DATASET EXTRACT:
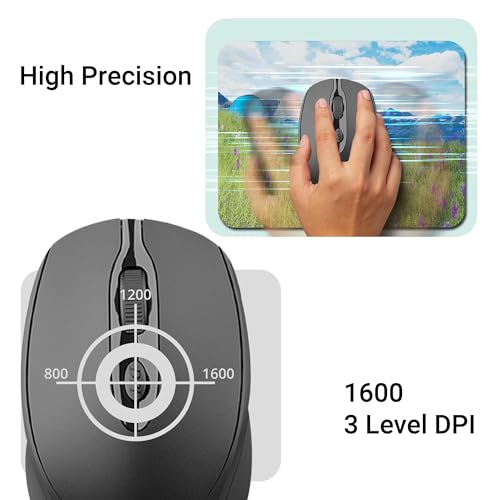 Image of iVOOMi AVNI Bluetooth Wireless Mouse, Silent Click, Adjustable 1600 DPI, 15m Range, Wireless Mouse for Laptop, PC, MacBook, Windows, macOS, Linux & Android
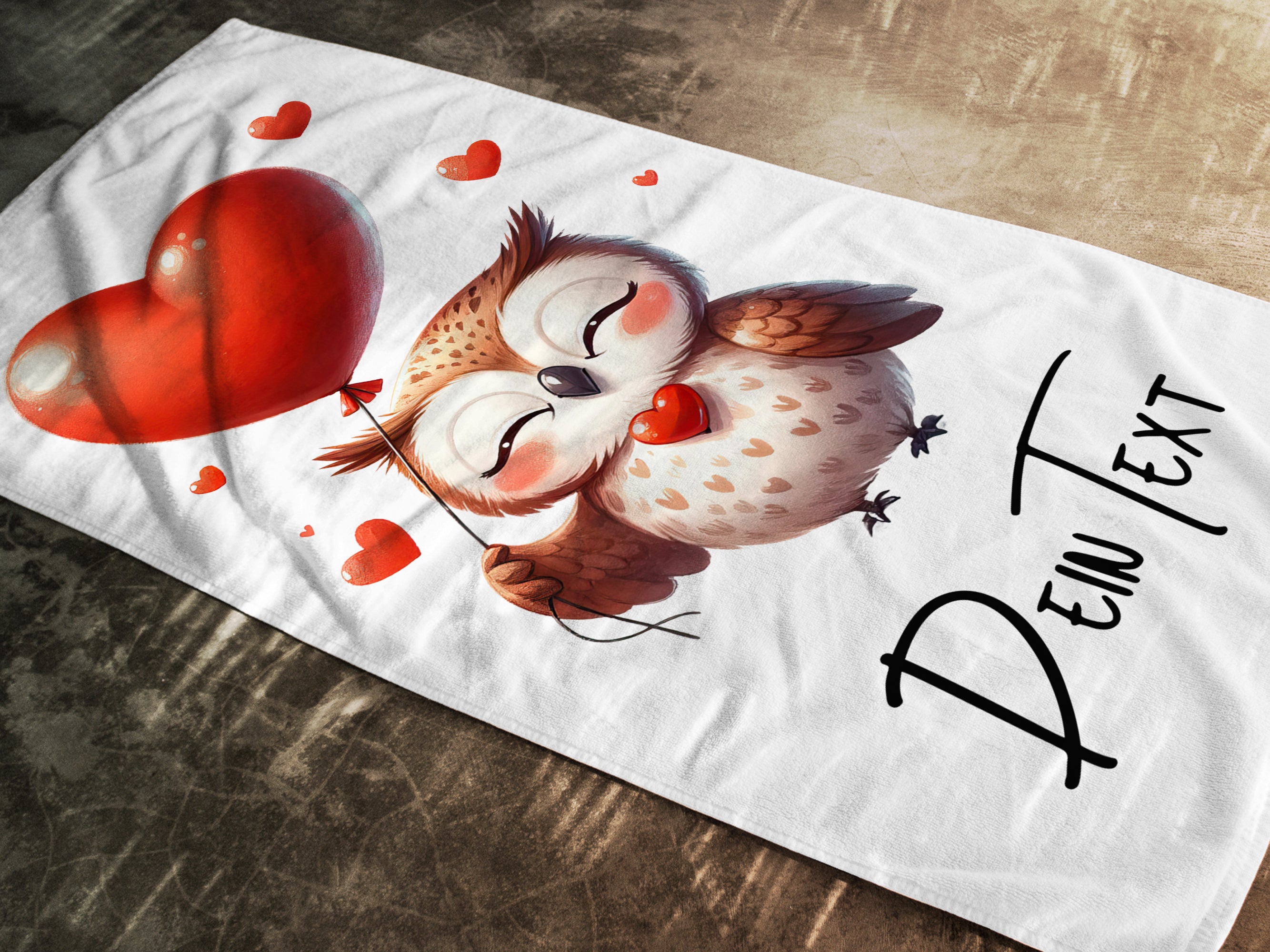Handtuch Eule mit Herz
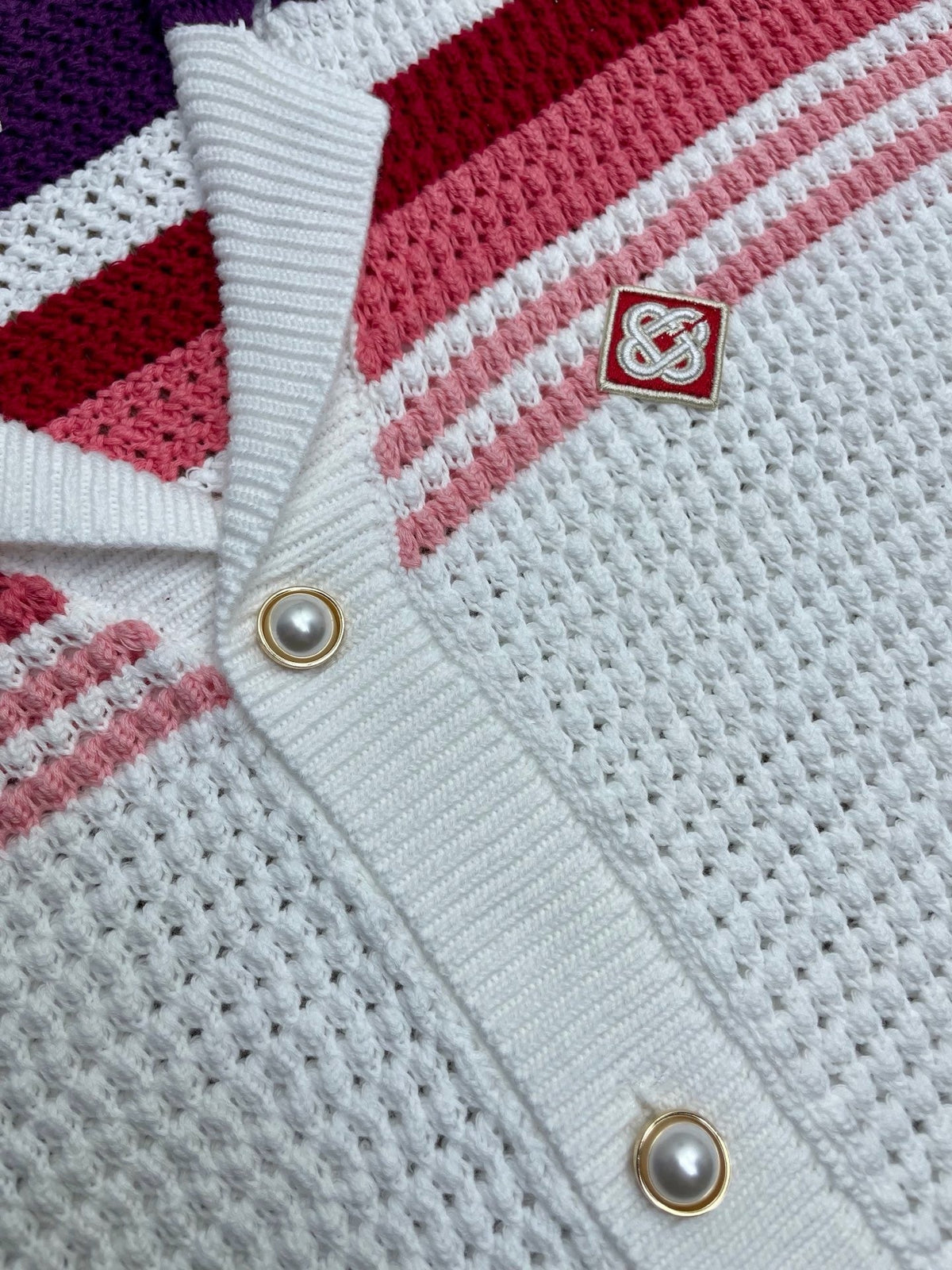 Burgundy Striped Knit Shirt - Men's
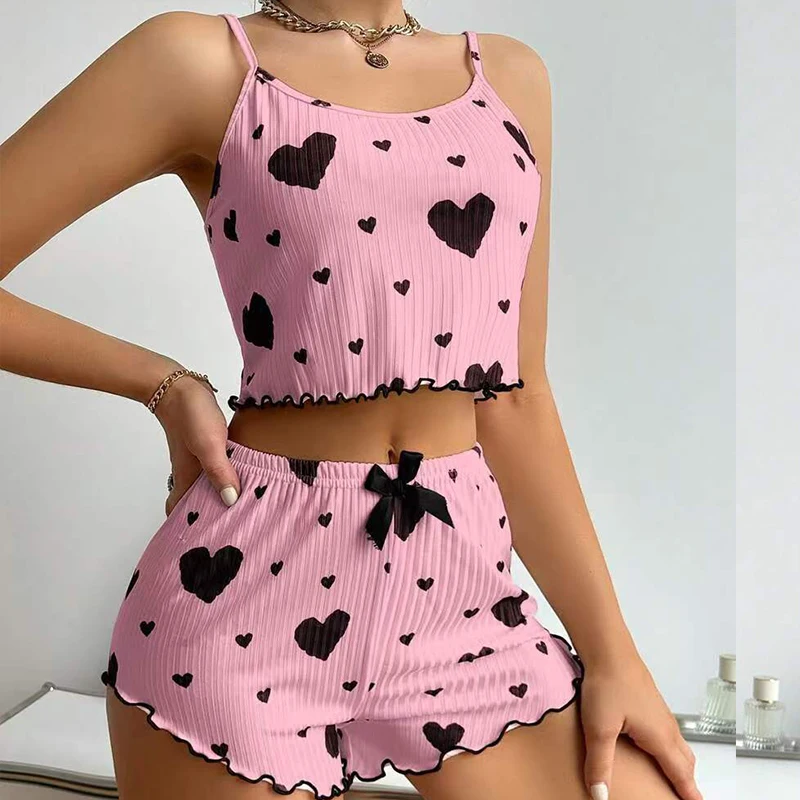 Women’s 2PCS Heart Print Pajama Set Sleeveless Crop Top and Shorts, Soft Comfy Sleepwear Loungewear for Summer Nightwear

REQUIRED ACTION:
When you transcribe the lines above, keep every word exact but leave the pictures behind.

WRITTEN REPLY:
 Image of iVOOMi AVNI Bluetooth Wireless Mouse, Silent Click, Adjustable 1600 DPI, 15m Range, Wireless Mouse for Laptop, PC, MacBook, Windows, macOS, Linux & Android
Handtuch Eule mit Herz
 Burgundy Striped Knit Shirt - Men's
 Women’s 2PCS Heart Print Pajama Set Sleeveless Crop Top and Shorts, Soft Comfy Sleepwear Loungewear for Summer Nightwear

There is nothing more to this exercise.